In the biggest shake-up of the British education system for 50 years, hundreds of comprehensive schools will be given the go ahead to select the brightest pupils and reject under-achievers under plans to be announced by the prime minister on Friday (9 September).
Creating clear blue sea with her predecessor David Cameron, May will propose that the existing 163 grammar schools can expand, and the law will be changed so that a new generation of the selective schools can open.
She believes that the present system is unfair because the richest can afford to move close to the best schools and will say in a speech at the British Academy in London on Friday (9 September): "We are going to build a country that works for everyone, not just the privileged few. A fundamental part of that is having schools that give every child the best start in life, regardless of their background.
"For too long we have tolerated a system that contains an arbitrary rule preventing selective schools from being established — sacrificing children's potential because of dogma and ideology.
"The truth is that we already have selection in our school system and its selection by house price, selection by wealth. That is simply unfair."
A new grammar school has not been opened since the 1960s, when they started to be converted into all-ability comprehensives.
New grammars were outlawed under Tony Blair's Labour government in 1998. There are about 3,400 secondary schools in England. One source told the Times that of those, "hundreds" could become selective.
To ensure that new grammar schools can help poor areas, a green paper will set out the criteria. One option would be that only schools rated good or outstanding by Ofsted can select while another option may require schools to show there is support from parents.
New grammars would have to sponsor non-selective free schools. Under other proposals, rules stopping faith schools from selecting more than 50% of pupils on the basis of religion will also be relaxed.
May's policy announcement is likely to lead to a fight among the elements of the educational establishment who think the benefits of grammar schools are outweighed by the lack of educational attainment in secondary modern schools.
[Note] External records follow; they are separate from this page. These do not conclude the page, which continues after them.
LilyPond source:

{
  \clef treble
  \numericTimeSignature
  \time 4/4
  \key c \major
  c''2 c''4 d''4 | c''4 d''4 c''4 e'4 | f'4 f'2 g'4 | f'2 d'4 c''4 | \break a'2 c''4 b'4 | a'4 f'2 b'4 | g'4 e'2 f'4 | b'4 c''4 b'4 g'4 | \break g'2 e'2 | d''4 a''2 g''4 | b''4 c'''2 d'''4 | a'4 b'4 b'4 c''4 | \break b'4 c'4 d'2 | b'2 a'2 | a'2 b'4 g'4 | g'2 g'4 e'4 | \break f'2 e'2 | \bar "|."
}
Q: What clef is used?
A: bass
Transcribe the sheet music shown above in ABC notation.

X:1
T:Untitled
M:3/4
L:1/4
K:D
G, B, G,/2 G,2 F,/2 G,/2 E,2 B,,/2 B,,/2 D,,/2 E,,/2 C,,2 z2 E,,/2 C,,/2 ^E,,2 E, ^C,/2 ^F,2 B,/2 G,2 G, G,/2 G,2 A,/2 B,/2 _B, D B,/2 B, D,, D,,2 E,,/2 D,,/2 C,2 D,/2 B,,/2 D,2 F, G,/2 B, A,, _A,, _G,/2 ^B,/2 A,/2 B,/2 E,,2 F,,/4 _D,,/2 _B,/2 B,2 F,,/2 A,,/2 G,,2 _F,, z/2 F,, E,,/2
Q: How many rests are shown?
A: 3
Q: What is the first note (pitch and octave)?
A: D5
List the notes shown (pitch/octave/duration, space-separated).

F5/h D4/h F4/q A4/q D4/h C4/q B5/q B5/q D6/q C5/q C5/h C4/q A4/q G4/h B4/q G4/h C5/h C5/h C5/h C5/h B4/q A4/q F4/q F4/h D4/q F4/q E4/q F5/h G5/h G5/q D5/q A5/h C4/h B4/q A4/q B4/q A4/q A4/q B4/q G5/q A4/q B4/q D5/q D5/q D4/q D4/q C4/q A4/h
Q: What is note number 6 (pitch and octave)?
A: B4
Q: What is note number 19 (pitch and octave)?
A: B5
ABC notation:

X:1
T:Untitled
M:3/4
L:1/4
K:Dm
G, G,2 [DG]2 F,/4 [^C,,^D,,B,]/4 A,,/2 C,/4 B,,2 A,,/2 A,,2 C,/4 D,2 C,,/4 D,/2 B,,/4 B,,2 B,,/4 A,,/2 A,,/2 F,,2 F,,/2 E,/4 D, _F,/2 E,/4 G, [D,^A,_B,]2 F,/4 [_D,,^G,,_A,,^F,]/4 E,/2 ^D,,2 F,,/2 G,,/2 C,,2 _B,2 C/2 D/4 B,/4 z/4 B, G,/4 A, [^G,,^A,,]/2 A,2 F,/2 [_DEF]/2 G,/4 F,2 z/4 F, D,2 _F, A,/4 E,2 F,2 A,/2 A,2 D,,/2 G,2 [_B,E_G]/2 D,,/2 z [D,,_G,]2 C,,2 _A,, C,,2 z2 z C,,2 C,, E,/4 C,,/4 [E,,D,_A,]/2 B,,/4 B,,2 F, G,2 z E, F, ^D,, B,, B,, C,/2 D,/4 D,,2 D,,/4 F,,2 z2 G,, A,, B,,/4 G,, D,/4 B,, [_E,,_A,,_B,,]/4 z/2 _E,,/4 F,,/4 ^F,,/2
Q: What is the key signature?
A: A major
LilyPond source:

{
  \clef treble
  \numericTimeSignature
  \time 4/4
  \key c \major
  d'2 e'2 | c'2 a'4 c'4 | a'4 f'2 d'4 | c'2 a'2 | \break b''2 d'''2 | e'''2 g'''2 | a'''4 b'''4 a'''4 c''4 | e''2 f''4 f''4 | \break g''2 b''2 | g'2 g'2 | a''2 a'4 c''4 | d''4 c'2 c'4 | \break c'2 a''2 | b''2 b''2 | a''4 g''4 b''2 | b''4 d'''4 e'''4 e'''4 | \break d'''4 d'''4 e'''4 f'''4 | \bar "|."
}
Reintroducing selection does not command a majority in the House of Lords, and might not in the Commons.
Shadow education secretary Angela Rayner, said Labour would unite to fight the plans, which would "segregate" children.
"I have been so upset by the prime minister's language. She looked into that camera in Downing Street and she said, I know how you're suffering, and I thought 'wow'; but now just a few weeks later she's proposing the most divisive policy possible," Rayner said.
"If you're going to say, 'there's bright kids and there's kids that are not that bright, and we need to segregate those kids, then say it," she told the Guardian.
The Association of Teachers and Lecturers said the plan was "a massive distraction from the real issues facing our education system".
Former Labour minister Alan Milburn, the Government's social mobility tsar, said ending the ban on grammar schools risked creating an "us and them divide".